Les Armateurs qui désireront obtenir lesdits passeports, adresseront à cet effet leurs mémoires, signés d’eux, au Secrétaire d’Etat ayant le département de la Marine, ou aux Syndics & Directeurs de la Compagnie des Indes ; seront lesdits mémoires, sur le champ communiqués aux Députés des villes   de commerce à Paris, pour, par lesdits Députés, prendre dans les ports des instructions & renseignements s’ils les jugent nécessaires et donner ensuite leurs avis sur lesdits mémoires, lesquels avis demeureront attachés à l’original desdits passeports.

V

Les Armateurs pour le commerce de l’Inde, ne pourront faire le retour des vaisseaux & marchandises, provenant dudit commerce, que dans le port de l’Orient.

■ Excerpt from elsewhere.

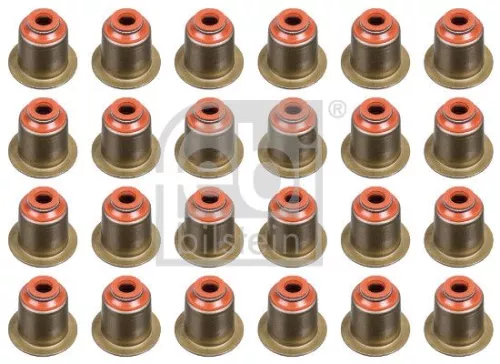 Dichtungssatz, Ventilschaft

Dans le cas où ils seraient obligés, par quelque accident, d’entrer dans d’autres ports du royaume, ils ne pourront y débarquer leurs marchandises, & ils seront tenus de se rendre dans ledit port de l’Orient ; Et si le vaisseau n’était pas en état de reprendre la mer, les marchandises seront déposées dans un magasin, sous la garde des Commis & Préposés de l’adjudicataire des Fermes, d’où elles seront transportées à l’Orient, sous acquit à caution.

VI

Toutes les marchandises provenant du commerce de l’Inde, seront assujetties, à l’entrée du royaume, aux droits portés au tarif que Sa  Majesté fera incessamment arrêter en son Conseil ; lesquels droits seront payés indépendamment de ceux ci-devant établis.

VII

Les vaisseaux, vivres & marchandises qui seront destinés pour le commerce de l’Inde, jouiront de tous les avantages, exemptions & entrepôts accordés pour le commerce de l’Amérique, en remplissant les formalités prescrites par les règlements, & notamment par les lettres patentes du mois d’avril 1717 ; & les armements ne pourront être faits que dans le port de l’Orient, & dans ceux permis pour le commerce desdites Colonies.

VIII

Les Syndics et Directeurs actuels, continueront d’administrer, comme ci-devant, toutes des affaires de la Compagnie des Indes ; Sa Majesté se réservant de statuer sur le surplus de ce qui intéresse les Actionnaires, après qu’elle se sera fait rendre compte des observations que feront les Députés, qu’ils en ont chargés par leur délibération du 8 de ce mois. Fait au Conseil d’Etat du Roi, Sa Majesté y étant, tenu à Compiègne le treize août mil sept cent soixante-neuf. Signé Phelippeaux.